The most common indication of pregnancy is missing your period. There are other signs, however, including:

  • Morning sickness or general nausea are experienced by many women during the early stages of pregnancy. If you are being constantly sick, consult your GP
  • Your breasts may feel tender, as they would during a period
  • Constipation
  • An increased vaginal discharge without any soreness or irritation
  • Tiredness
  • A strange “metallic” taste in your mouth
  • Craving new foods, or losing interest in ones you previously enjoyed

Every pregnancy is different and not all women will get exactly the same symptoms.

Pregnancy Tests

You can take a pregnancy test from the first day of a missed period.

You can get free pregnancy tests from your GP, from family planning clinics, and from NHS walk-in centres.

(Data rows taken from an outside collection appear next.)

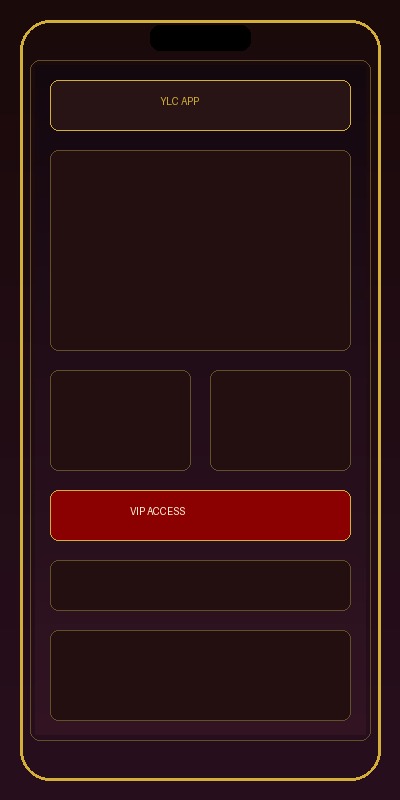 永利娱乐 APP手机界面展示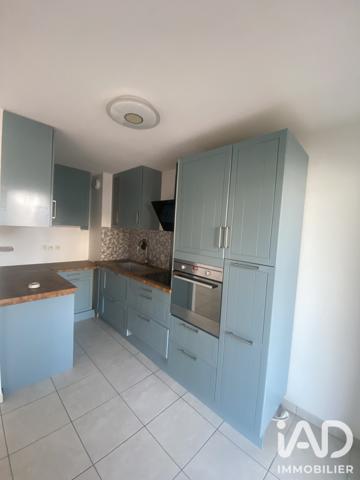 Appartement à vendre 3 pièces 70 m² Aizenay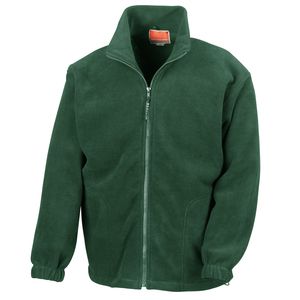 Result RE36A - Chaqueta Polar Polartherm™ Verde bosque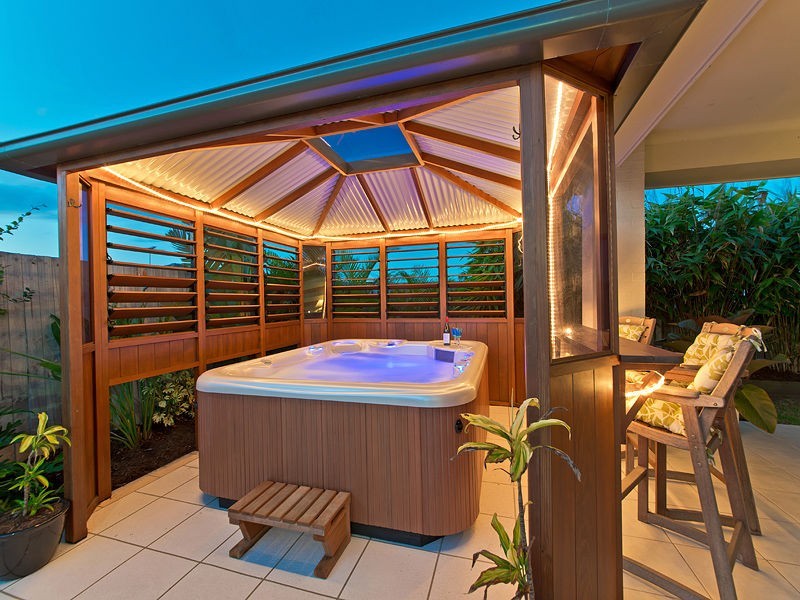 North Lakes QLD 4509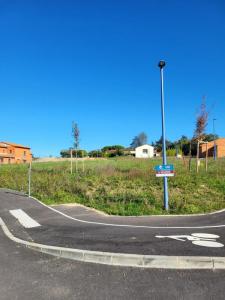 Vente Terrain FAUGA 31410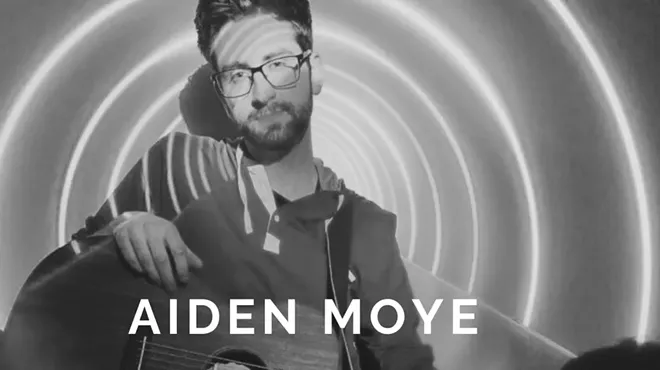 Image: Aiden Moye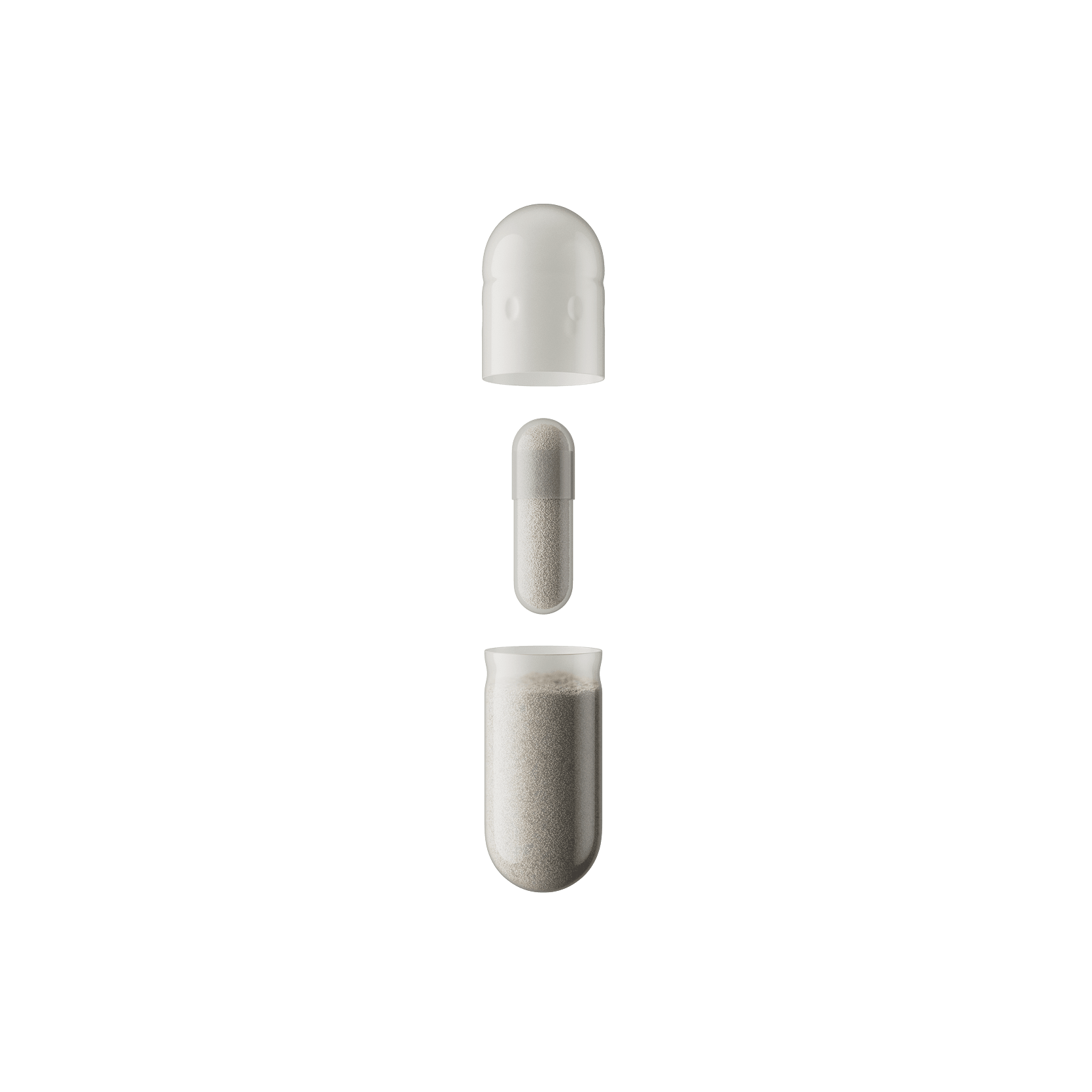 Daily Multivitamin capsule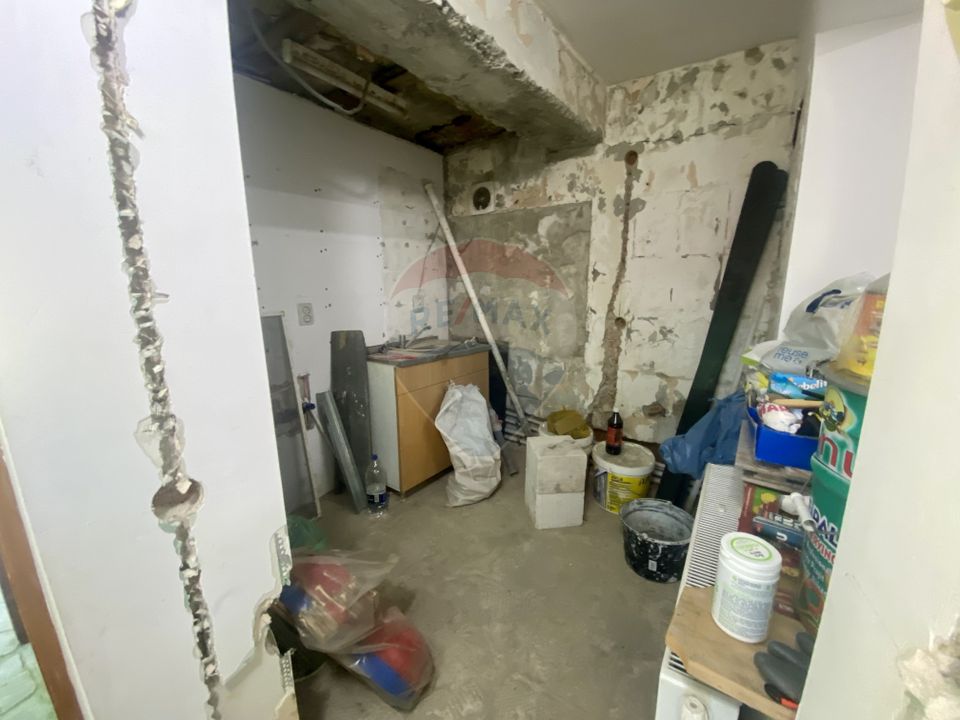 Vilă cu farmec istoric în Bușteni, pensiune sau locuință de vacanță!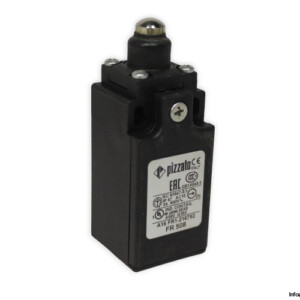 Pizzato FR 508 Limit Switch
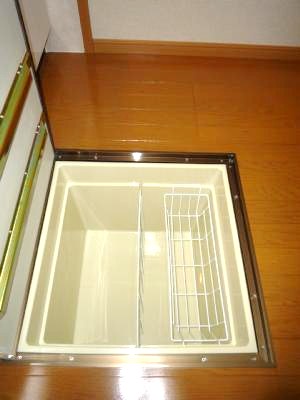 アバンツァートカーサ溝尻　Ａ棟 その他9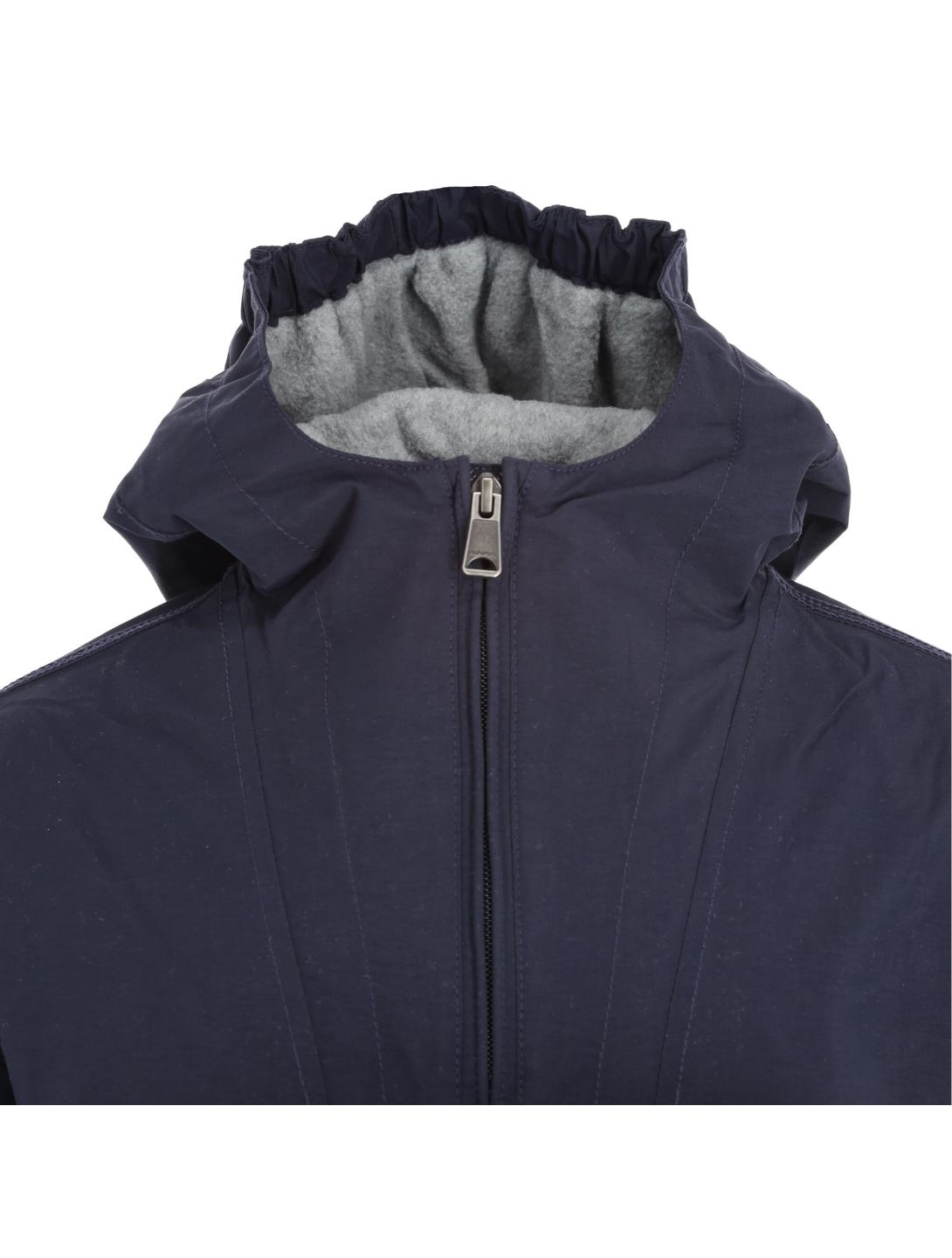 Napapijri, K Rainforest Wi Winter Anorak Kinder Marine blau 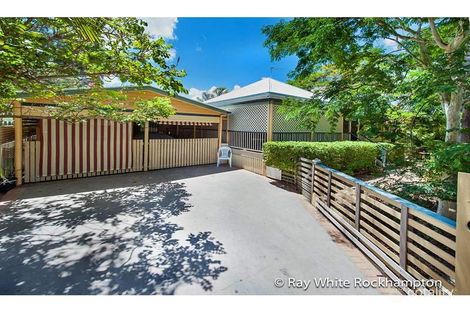 Property photo of 98 Curran Street Koongal QLD 4701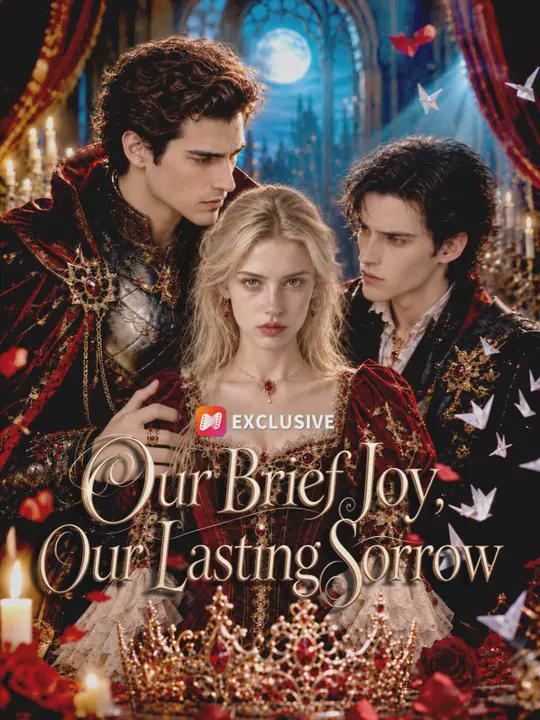 Our Brief Joy, Our Lasting Sorrow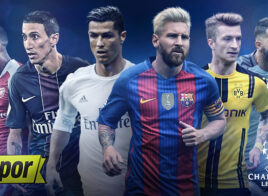 Preview Ligue des Champions 2016-2017 – Apocalypse Now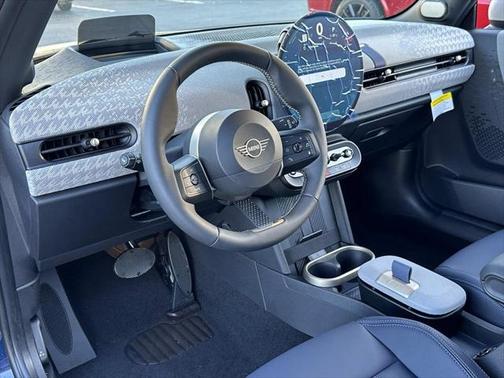 2025 MINI Hardtop Cooper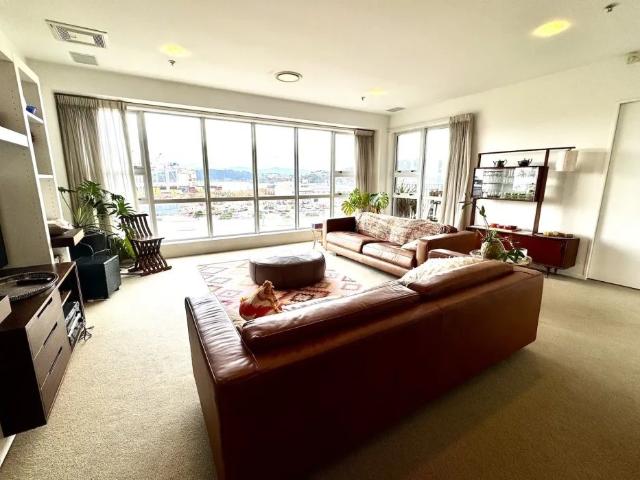 Apartment for rent in Matata, Wellington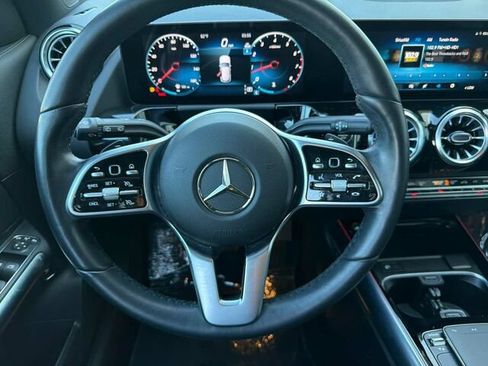 Certified 2023 Mercedes-Benz GLA 250 4MATIC image 18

You can also buy pregnancy tests from pharmacists, which you can carry out at home.

A positive test is almost always correct. A negative pregnancy test is less reliable. If you still think you are pregnant, wait a week before trying a test again, or see your GP.

When you find out you are pregnant, you should speak to your GP about arranging antenatal care as soon as possible. Antenatal care helps you plan your pregnancy and birth. You will be offered appointments with a midwife and obstetrician – around 10 appointments if it’s your first pregnancy, and about seven if you have given birth before. You can also go to classes – for example, classes teaching you how to breastfeed.

Lifestyle during pregnancy

It’s important to look after yourself while pregnant. Here are some tips for keeping healthy during pregnancy:

  • Eat healthily. You may feel as though you are hungrier when you are pregnant, but you do not normally need to “eat for two”. Make sure you eat plenty of lean meat, fresh fruit and vegetables, and starchy carbohydrates like bread, pasta and rice.
  • You should avoid certain foods, such as rare meat, some types of fish and cheese, and caffeine. Your GP should be able to give you some advice about which foods you should avoid.
  • It’s strongly advised that you don’t smoke while pregnant, and you should reduce your alcohol intake to one or two units of alcohol, once or twice a week. A unit of alcohol is equivalent to half a standard glass of wine, a 25ml measure of spirit, or half a pint of beer. Your GP can help you quit smoking and regulate your alcohol intake.
  • Be careful which medicines you take. Speak to your GP for advice.
  • You should try and stay fit and healthy while pregnant – this will make your labour easier and it will also help you get back in shape after giving birth. Certain exercises and sports, such as contact sports during the later stages of pregnancy and scuba-diving – should be avoided.
  • You should talk to your GP about whether or not it is advisable for you to take vitamin supplements, such as folic acid and iron – although Vitamin A supplements should be avoided.
  • Try to get as much rest as possible, as often at the beginning and towards the end of pregnancy, it’s common to feel incredibly tired. If you work, use your lunch break to eat and rest, rather than do errands. Try to get to bed as early as possible.
  • Your employer should protect your health during your pregnancy. If you work with chemicals, lead or X-rays, or do a lot of lifting, this could be risking your own and your baby’s health. If this is the case, your employer is obliged to provide suitable alternative work or suspend you on full pay. If you are unsure of your rights, discuss with a union representative, midwife or occupational health nurse.